Vorträge unserer Experten
Abstracts [nur in Englisch verfügbar]
Generative Models for Transfer Learning on Seismic Data
(Speaker: Ricard Durall , Valentin Tschannen, Norman Ettrich, Janis Keuper)
Over the last years, Deep Learning models have become increasingly successful in the attempt to automate various pre-processing steps and interpretation tasks in the seismic processing pipeline. Recently, there have been very impressive show cases for tasks like fault and salt detection, horizon tracking or pre-stack filtering. However, most of the approaches introduces so far, are relying on supervised learning algorithms which are requiring large amounts of mostly manually annotated training data. The generation of these data sets is not only very expensive, but also does not scale. In addition, many models that have been trained on a specific dataset (e.g. from a certain location), will not directly generalize to work on other data sets. In this talk, we will summarize our latest work on transfer learning in the seismic domain and show how we can use generative neural networks to combine physical simulations and real data, in order to train models with very little annotations.
Efficient Scheduling of Interactive Python Jobs on HPC Systems
(Speaker: Philipp Reusch, Dominik Strassel, Janis Keuper)
Research and development of deep learning methods, especially for large and high dimensional seismic data, requires vast compute resources. At the same time, machine learning developers have a strong preference towards interactive Python workflows. This is one reason why it is quite challenging to integrate Deep Learning related jobs into classical HPC environments. In this talk we present a solution for a highly efficient scheduling of such jobs. Our approach is based on an available open source stack, allowing very high GPU utilizations while scheduling interactive python jobs alongside classical HPC jobs on a single system.
Tarantella – A framework for distributed Deep Learning
(Speaker: Peter Labus, Alexandra Carpen-Amarie, Martin Kühn)

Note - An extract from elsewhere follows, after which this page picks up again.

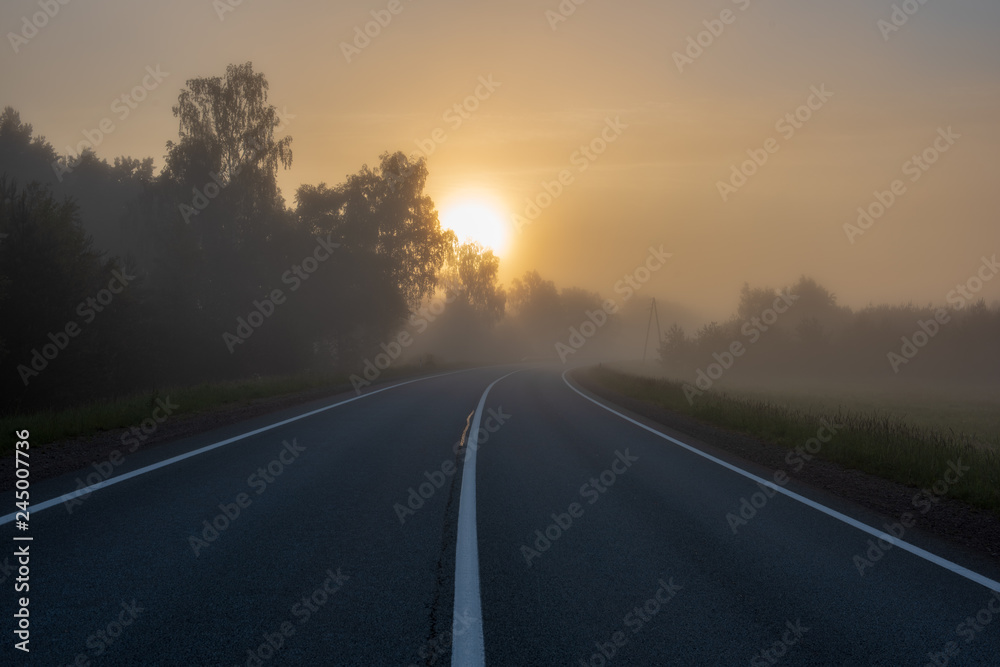 empty asphalt road with white lines painted in misty morning empty asphalt road with white lines painted in misty morning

Much of the recent progress in Deep Learning has been achieved through datasets and deep neural networks (DNNs) growing in size. High-dimensional seismic data in particular demands large amounts of resources, both in terms of training time and memory to benefit from Deep Learning methods. To achieve strong and weak scaling for DNN training, both data and task parallelism have to be employed. In this talk, we will present our distributed Deep Learning framework Tarantella, which provides a high-level, TensorFlow-based interface, and aims at enabling strongly and weakly scalable DNN training on HPC systems. Tarantella is designed to seamlessly execute existing Keras models on HPC systems and pays special attention to reproducibility.